Collection of Singapore Websites

The Internet is increasingly being used as the preferred medium for sharing content and conducting transactions. Many publications which used to be published in print are now only available online. Examples include the annual reports of NLB's parent ministry, the Ministry of Information, Communications and the Arts (MICA). Similarly, the Singapore Department of Statistics has been publishing its various statistical reports online on the official Statistics Singapore website since 2007. The Internet is also becoming a popular tool for social communication and interaction.

There is therefore a need for NLS to embark on acquiring Singapore-related online materials that represent the intellectual and creative output of Singapore publishing, for archiving1. Through archiving Singapore-related websites2 and making the information available for future access, NLS aims to build a sense of community, national identity and rootedness among Singaporeans. As a result, social scientists and researchers of the future can depend on the National Library to provide the documentation of the changes that have taken place, and they will be able to learn and write the story of Singapore's past and present, based on these documentary records.

In 2006, NLS embarked on its web-archiving programme, Web Archive Singapore (WAS), to harvest Singapore-related web content from the Internet. The comprehensive collection of websites follows a three-pronged approach: selective archiving, whole domain archiving and thematic archiving.

i) Selective Archiving

NLS started Phase One of WAS as a test-bed project. The goal was to create an initial archive of selected 1,000 websites reflecting various aspects of Singapore life and heritage.

Websites deemed to be of national or historical significance, or those containing authoritative and reliable content were selected for archiving. These websites included websites of government agencies and national campaigns, schools, trade unions, co-operatives, as well as registered societies and clan associations.

NLS took three months to complete the crawling of 1,000 sites using three instances of the website crawler, Heritrix3. On average, 100 sites were archived per month per instance.

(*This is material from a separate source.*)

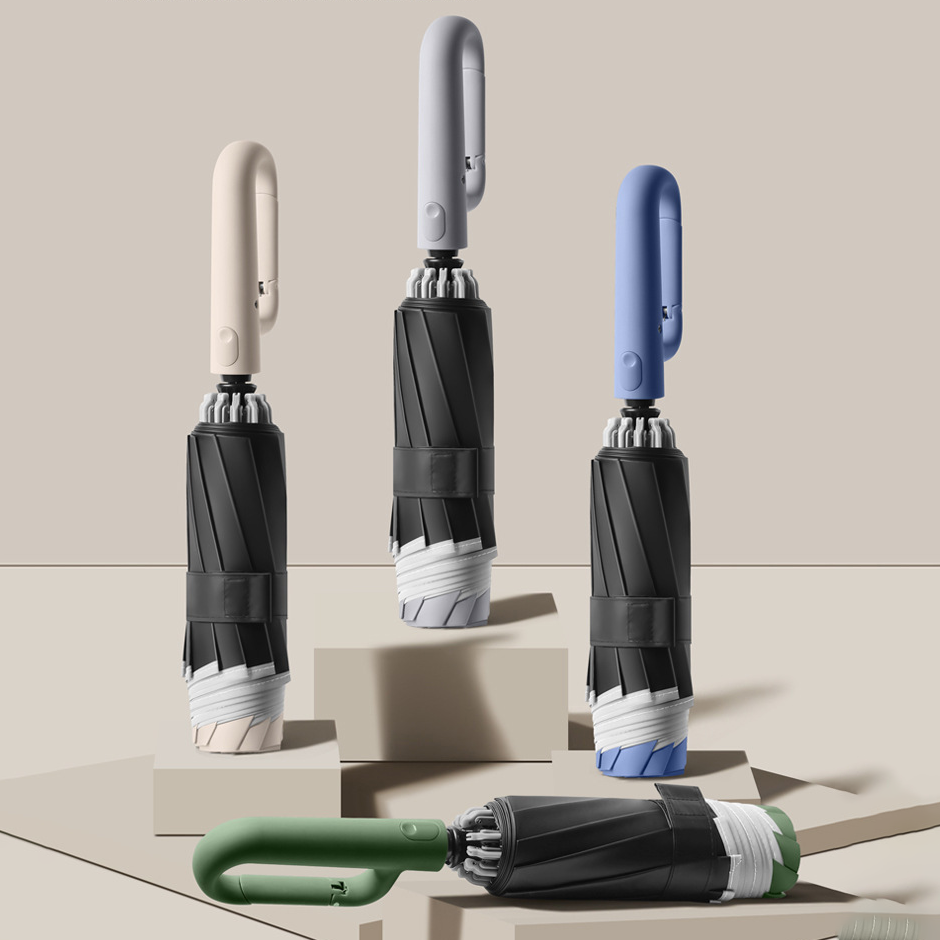 【客製禮品】自動反向環扣折疊雨傘 | 禮品、贈品達人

Today, these websites are still being archived on a frequency of at least three times a year. This list is reviewed on a regular basis to keep it updated as more government programmes or campaigns come up.

ii) Whole Domain Archiving

Whole domain archiving of registered ".SG" websites started in early 2007. As of May 2009, there were close to 108,000 registered domains, as reflected on the Singapore Network Information Centre (SGNIC4) website. SGNIC is the local domain registrar. In 2009, NLB signed a Memorandum of Understanding with SGNIC to facilitate access to the list of registered domains on a bi-annual basis.

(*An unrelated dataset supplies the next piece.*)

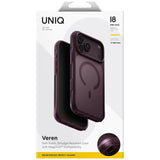 Uniq iPhone 17 Pro Max/iPhone 18 Pro Max Cover Veren MagClick Burgundy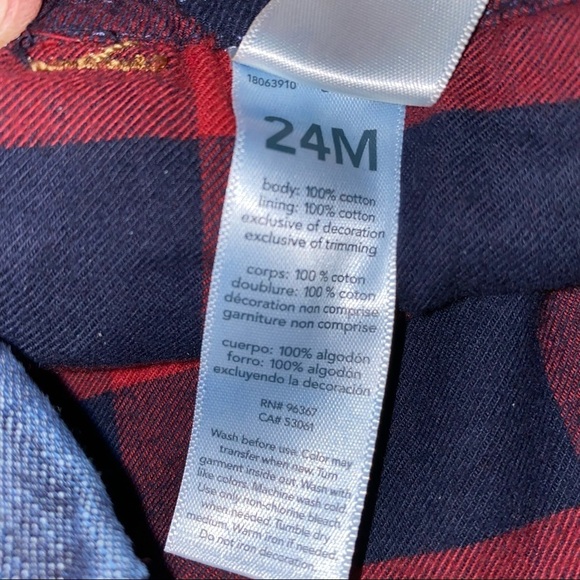 𝅺NWT! Everyone needs a pair of OSHKOSH overalls!! This pair is for your toddler - Picture 5 of 6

Web archiving allows NLS to cast its net over the Singapore portion of the World Wide Web to capture a snapshot of Singapore-related content for archiving. By capturing different snapshots at different points in time at regular intervals, NLS aims to feature useful information about the past for the benefit of researchers and future generations. NLS targets two snapshots a year if resources are available.

NLB's current in-house capacity for web archiving is about 500 sites per month on five instances of Heritrix per server. In order to complete one domain crawl within a reasonable timeframe of three months per cycle, NLB would need to purchase an additional 40 similar servers, involving the heavy use of computing, bandwidth and storage applications, to crawl and index the huge number of websites involved. This model may not be practical due to the upfront capital costs required.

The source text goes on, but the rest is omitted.